As one would expect from the next Sicario movie, the performances across the board are once again top notch. While actors like Jeffrey Donovan (reprising his role from the first movie), Matthew Modine, and Catherine Keener add gravitas and depth to their supporting roles with subtle nuances in their physicality, and grounded, authentic delivery of dialogue, it’s the principal trio who will take the most credit for truly knocking it out of the park. Anyone underwhelmed by Isabela Moner in Transformers: The Last Knight (which I haven’t seen, yet) will be pleased as punch to see her impress with a performance that elevates what could have been another in a long line of shallow kidnapping victim performances. Josh Brolin still so effortlessly manages to tow the thin line of playing someone with an intimidating record and a hefty amount of authority, who can be coldly serious, calculated, and unflinchingly, efficiently brutal if need be, while also projecting a relaxed “Chill out bro, let’s go catch some waves,” kind of attitude that allows Matt Graver apt exist within the Sicario world as a multi-dimensional character, and not merely a one-sided archetype.
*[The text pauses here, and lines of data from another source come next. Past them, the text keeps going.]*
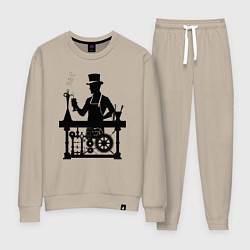 Костюм хлопковый женский Бармен стимпанк, цвет: миндальный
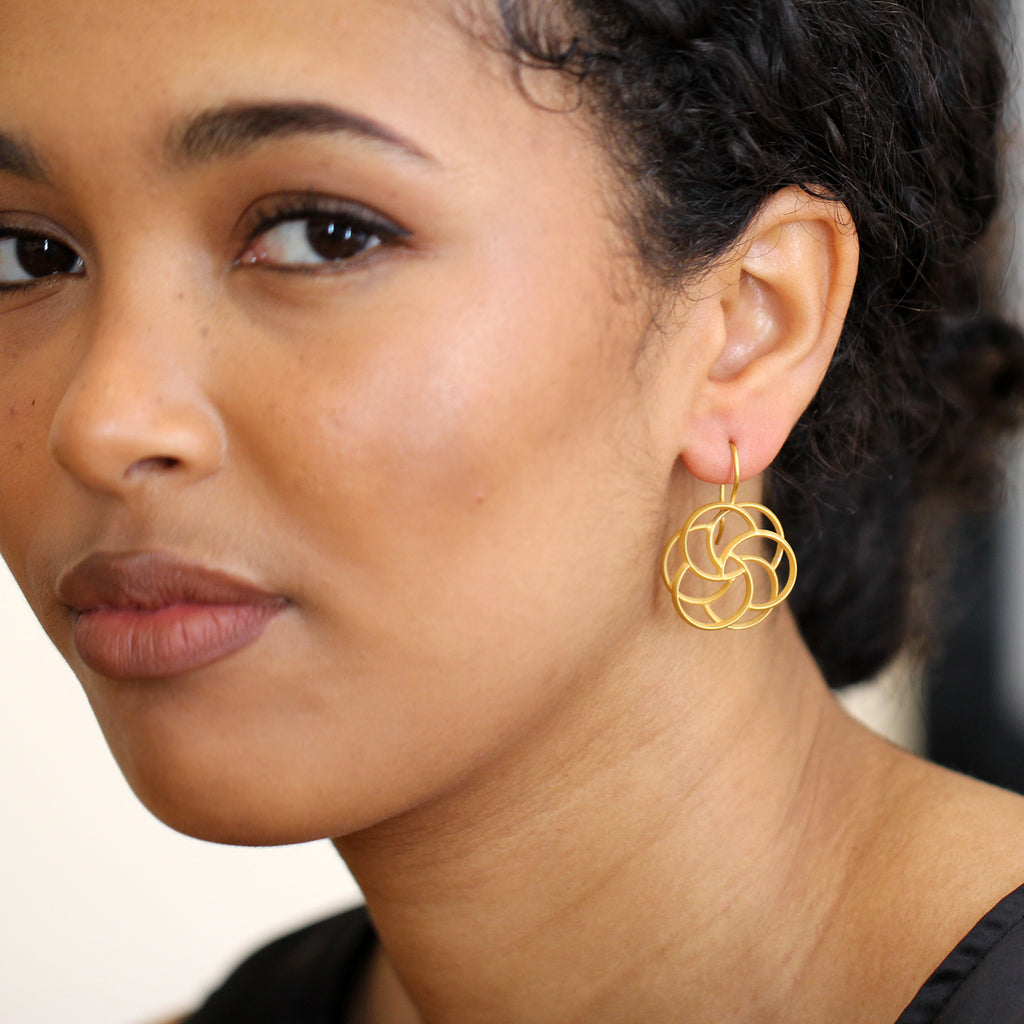 Photograph 2 of Sophia Epp's Contemporary Silver 22k Gold Plate Christmas Rose Statement Earrings. Available on DESIGNYARD.com and in our Jewellery Shop Dublin, Ireland. Free Worldwide Shipping with DHL.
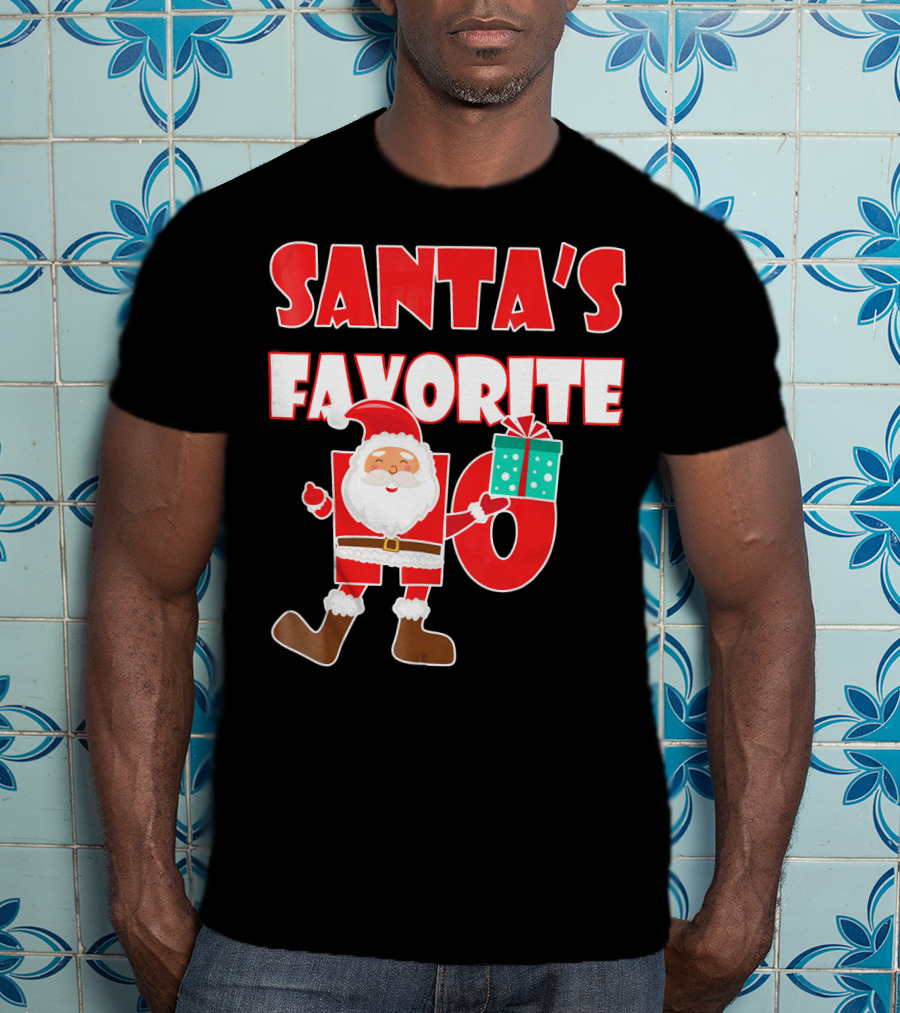Santa's Favorite Ho Holiday Humor With Santa And Gifts T-Shirt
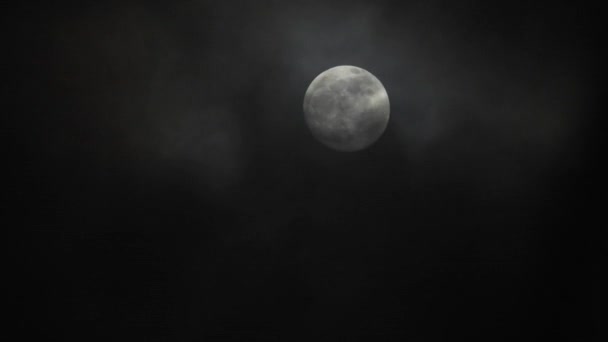 Telihold sötét felhős éjszakán. Felhők haladnak el a hold mellett, valós idejű lövés.Felhők haladnak el a hold mellett éjszaka. Telihold éjjel, felhőkkel valós időben.. - Felvétel, videó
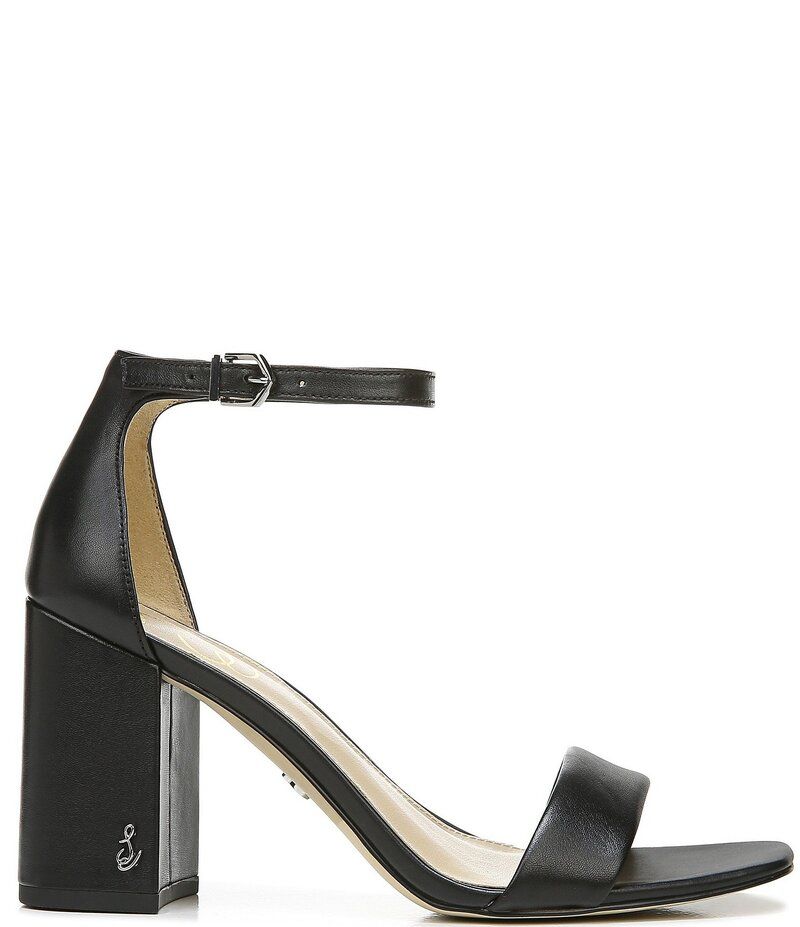 サムエデルマン レディース シューズ サンダル アンクル レザー Sam Edelman Daniella Leather Ankle Strap Square Toe Dress Sandals Black ブラック
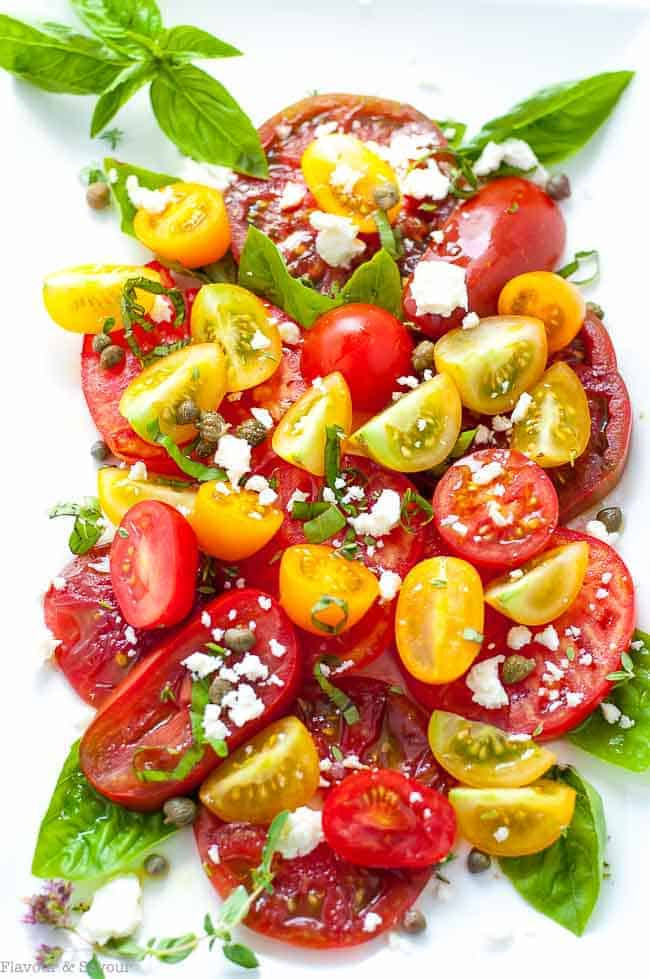 Heirloom Tomato Salad
 Heirloom Tomato Salad with Basil Capers and Feta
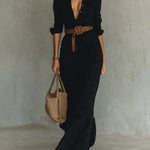 Long Sleeves Split-Joint Lapel Maxi Dresses Shirt Dress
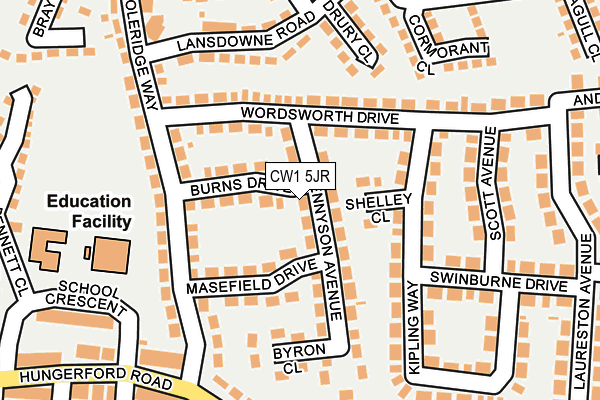CW1 5JR map - OS OpenMap – Local (Ordnance Survey) CW1 5JR map - OS OpenMap – Local (Ordnance Survey)
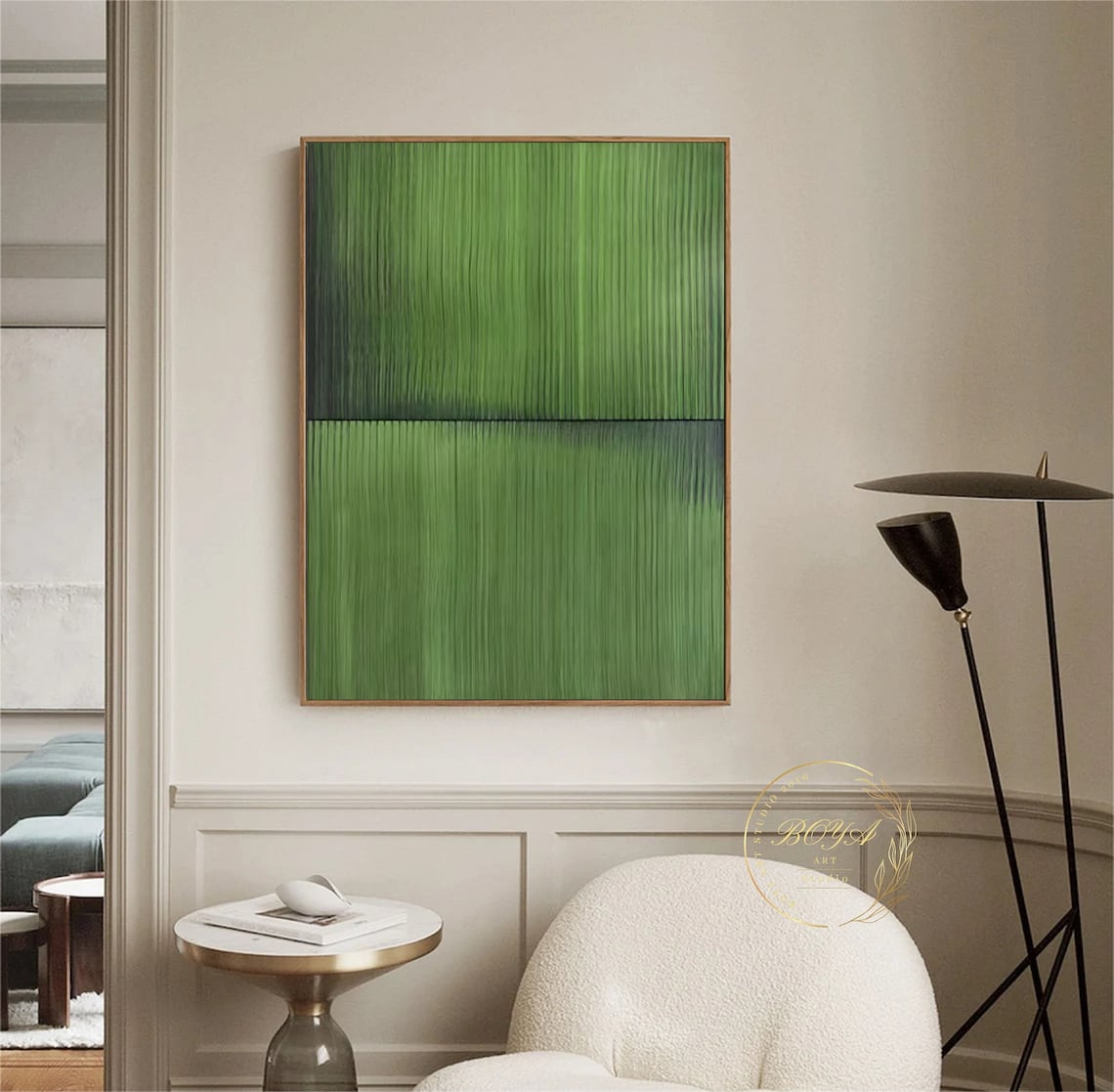 Large Green Textured Abstract Art Print, Minimalist - Image 2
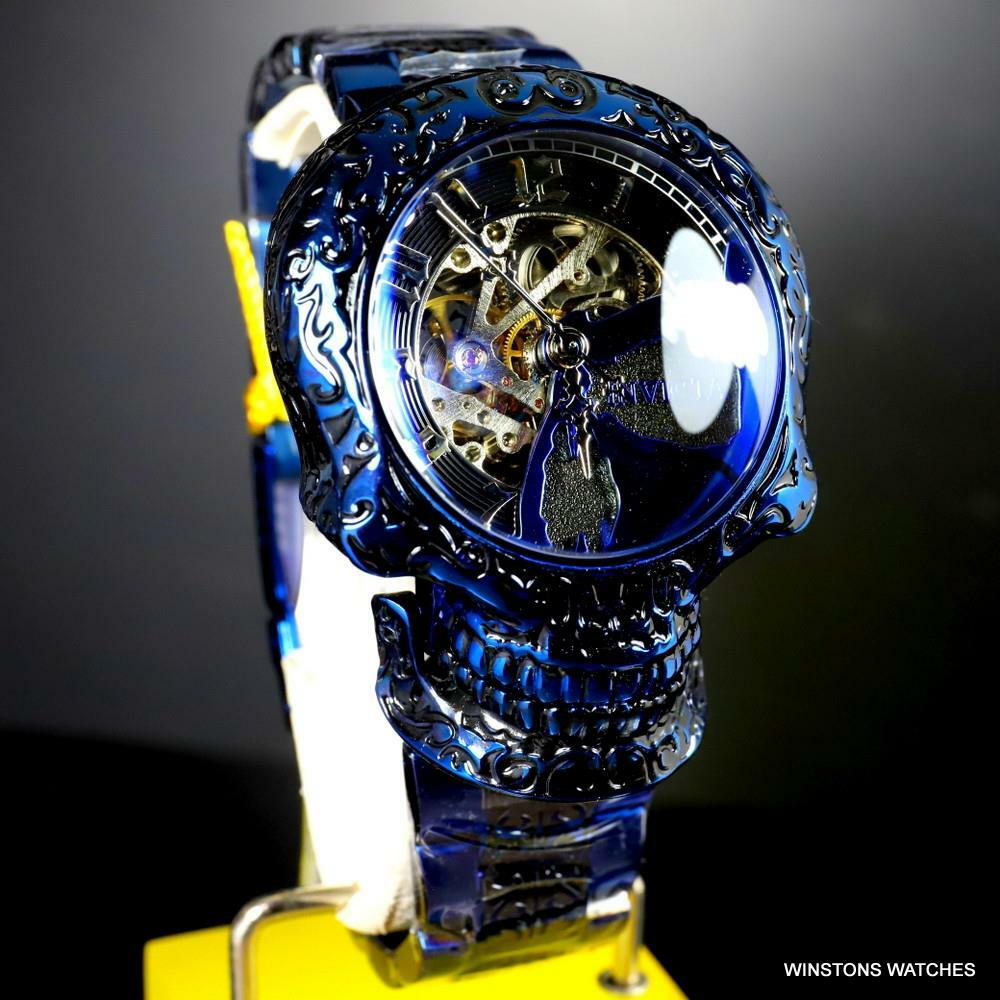 Invicta Artist Skull Automatic Skeletonized Blue Stainless Steel 50mm Watch New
I hold particular fondness for the way in which Taylor Sheridan writes Alejandro, and the subtle way Del Toro has portrayed him across both films, and has stolen every scene he’s been in. He cuts through any given scene (and both movies in their entirety) like a hot knife through butter, a true scene stealer but in a quiet and controlled manner. One might be inclined to incorrectly categorize the performances as minimalist, with so few lines because he convinced both Villeneuve and Sollima to allow him to remove lines so he may play in silence more often, adding to the allure and mystery of the Sicario while his powerful performance, quite often nothing more than the look in his eyes and/or the expression upon his face, helps us see the living layers within the man. The softness we first saw from him in Sicario, that showed care in how Kate was feeling after the attack on her, comes through all the more in tender scenes between him and Isabela, and during a delightful scene with a deaf man.

Make no mistake, the cold ferocity is still boiling like molten lava within him, it’s just that we are privileged to see more of the man who used to wear that skin long before the land of wolves tuned him into one.